WHAT YOU SHOULD DO:
Please reproduce the entries below exactly from the line holding "line_album_114" through the last line, both included, and omit any pictures.
>>
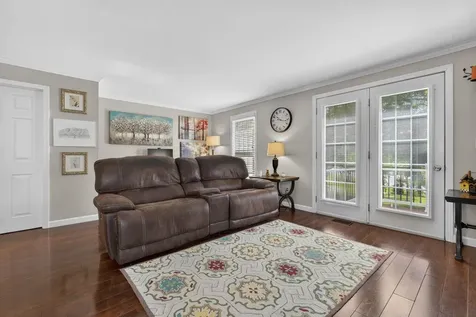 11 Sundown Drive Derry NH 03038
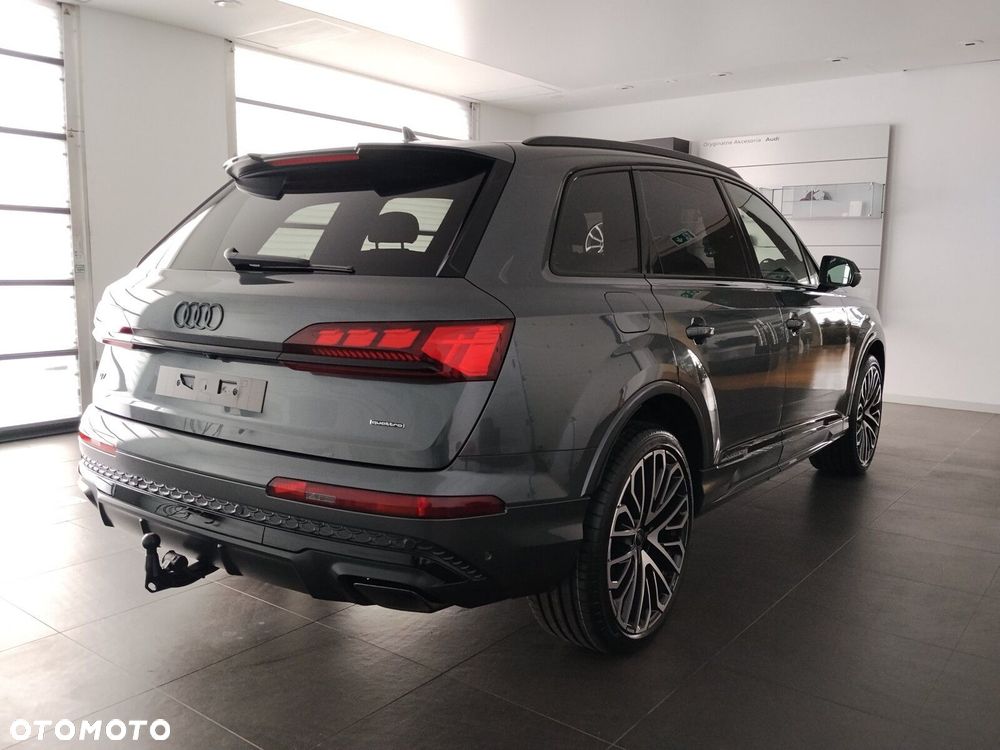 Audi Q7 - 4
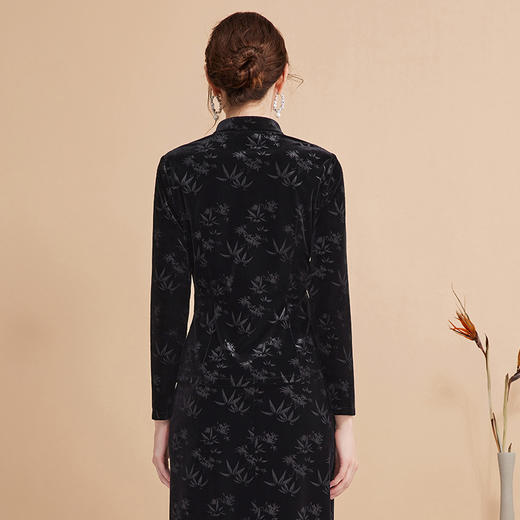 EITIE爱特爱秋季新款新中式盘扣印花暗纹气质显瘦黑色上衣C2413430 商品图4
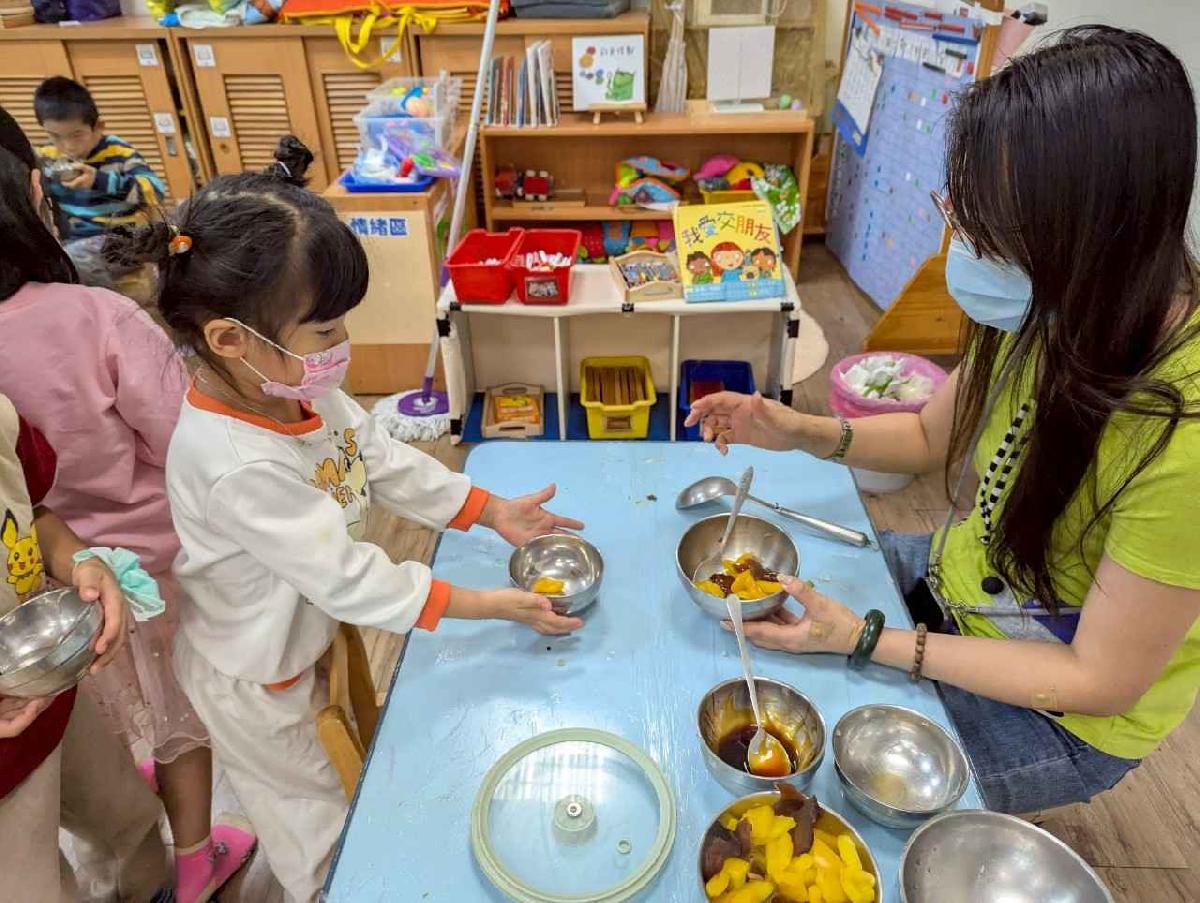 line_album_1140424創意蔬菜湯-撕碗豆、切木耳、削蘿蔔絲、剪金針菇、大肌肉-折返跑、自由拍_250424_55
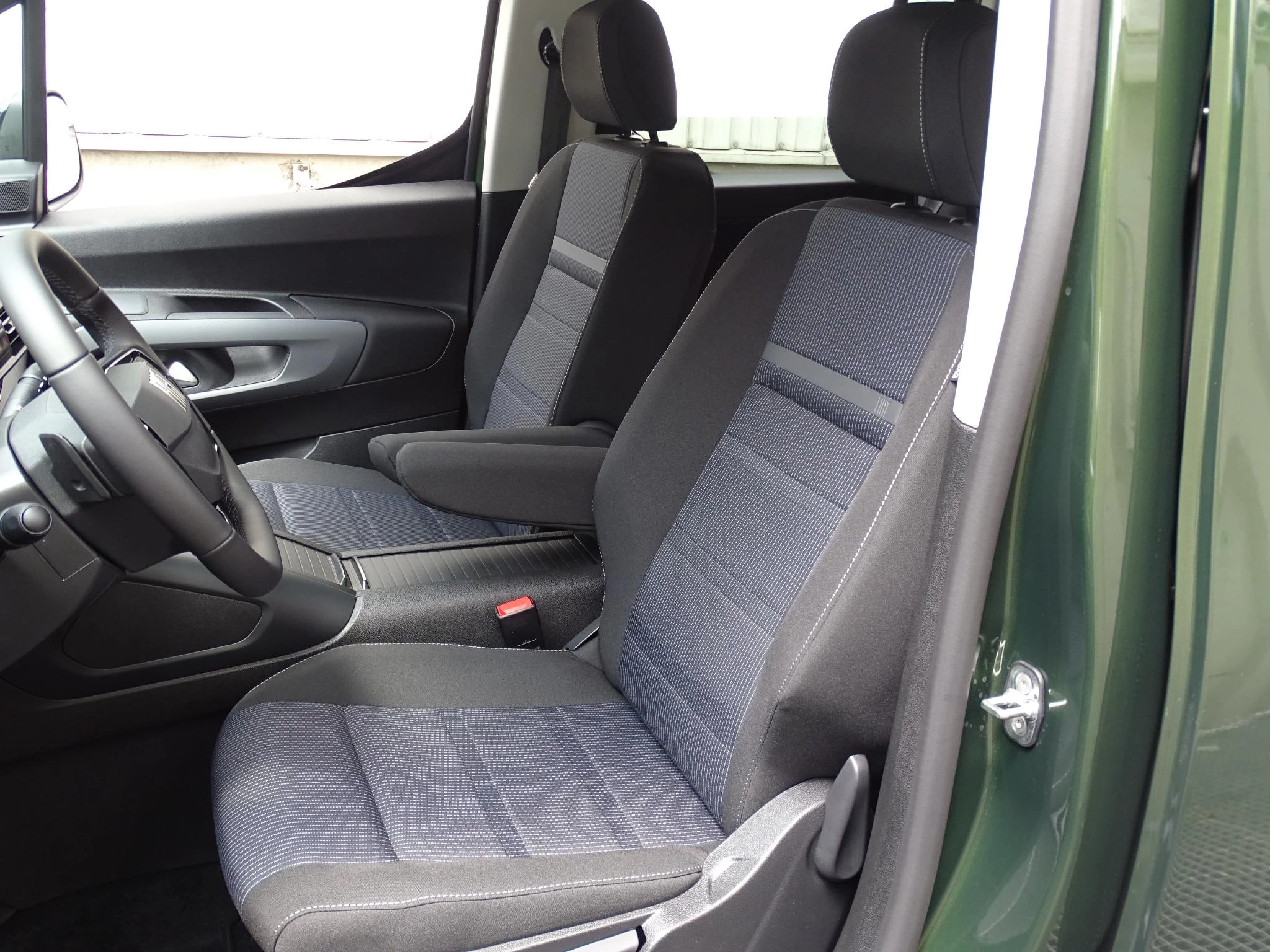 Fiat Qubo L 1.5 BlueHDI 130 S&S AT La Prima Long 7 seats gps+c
<<
ANSWER TO THIS EXERCISE:
 line_album_1140424創意蔬菜湯-撕碗豆、切木耳、削蘿蔔絲、剪金針菇、大肌肉-折返跑、自由拍_250424_55
 Fiat Qubo L 1.5 BlueHDI 130 S&S AT La Prima Long 7 seats gps+c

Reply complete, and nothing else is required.